Nick and I once met somebody at a party. He seemed perfectly well mannered, well brought up and civil and was clearly well educated. But once he had established that we were from South Africa and had clearly not attended any school or university that had ever registered on his radar, he proceeded to talk to the rest of our group and ignore us completely, as if we didn’t exist! I just thought “rude bastard!” and later mentioned it to somebody else who was there. They responded “oh, pay no attention to him, he went to Eton” – as if that explained everything.
For those of you who perhaps don’t know, Eton College is the creme de la creme of English public schools, beloved of the Royal Family (Princes William and Harry both went there). And when you look at the Glossary link on the school’s main page and discover that their academic calendar is referred to as Abracadabra, their cricketers as dry bobs, their rowers as wet bobs and that they have fields called Mesopotamia and Sixpenny – it’s a wonder they can reintegrate into regular society with the rest of us Great Unwashed at all, much less deign to make conversation 😉
Maybe it’s this underlying current of British eccentricity that also dictates the naming of their foods. The general rule is “the weirder, the better”, or so it would seem. How else would you explain things like cullen skink, rock cakes, faggots and spotted dick? So it should have surprised me not one bit to learn that Eton mess referred neither to the school dining room, nor to the litter left behind after a big school sporting match, but rather to a delicious (if aesthetically questionable) dessert. The name apparently springs from the fact that it is traditionally served at the School’s prizegiving day on 4 June each year, and of course the “mess” part is quite easy to decipher. Pavlova has strawberries, meringue and cream in perfect structure. Eton mess looks… well, a mess!

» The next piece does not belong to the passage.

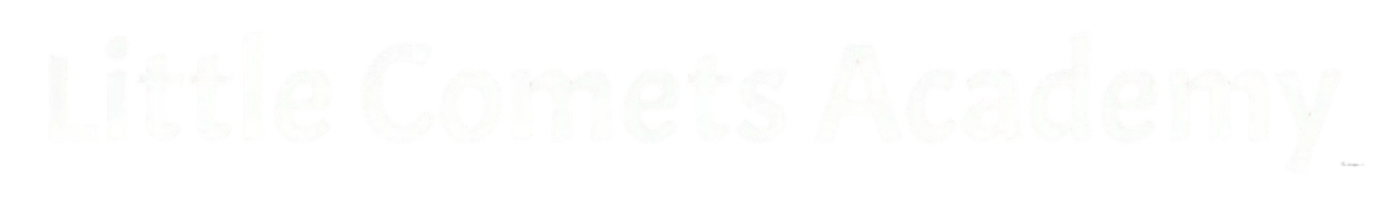 vietcanlink.maudemo.vip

At its simplest, it’s whipped cream, strawberries (at one stage also bananas, but strawberries seem to have won the day) and meringue stirred together and served in a messy swirl, but there is considerable leeway for creativity. Alcohol can be used to macerate the strawberries; low-fat alternatives like Greek yoghurt can be used instead of creat; raspberries can be substituted for strawberries; and a strawberry coulis can be made to swirl through the mixture. I happened to have homemade mini-meringues in on hand, but the best part is that ready-made meringues are perfectly OK: they just get crumbled anyway, and nobody notices their inferior consistency 😉 Plus it’s a great gluten-free dessert. And the fact that you’re challenged in the gorgeous-food-plating-department (like me) matters not one bit!
As mentioned in my slow-roasted tomato post, we popped into the Queen’s Market a week or two ago to get tomatoes. I also could not resist a punnet of tiny but sweet strawberries, which is how I ended up making Eton mess twice in the last fortnight. For the first attempt, I extracted all the berries from the bottom of the punnet that had been slightly squashed, sliced them thinly and then heated them with a little water and sugar until they were soft enough to mash and the liquid had reduced to a syrupy consistency. Once the dessert was assembled, I poured this coulis over it and stirred once or twice to swirl it through. I preferred both the taste and the look that this gave, but sadly the pictures were just a mess, so the pictures on this page are of the coulis-less version. I do, however, highly recommend this bit of extra effort.
Ingredients
200g strawberries
200 ml whipping cream (or Greek yoghurt)
caster sugar to taste
about a cup of crumbled meringue
Method
Wash and hull the strawberries. Slice each in half (or into thick slices if very large).
Whip the cream with a little castor sugar if desired, until it just holds soft peaks. Don’t whip it till it’s rock hard! Crumble the meringue.
Fold the meringue and strawberries into the cream, stir in some strawberry coulis (if using) and serve immediately – otherwise the meringue goes soggy.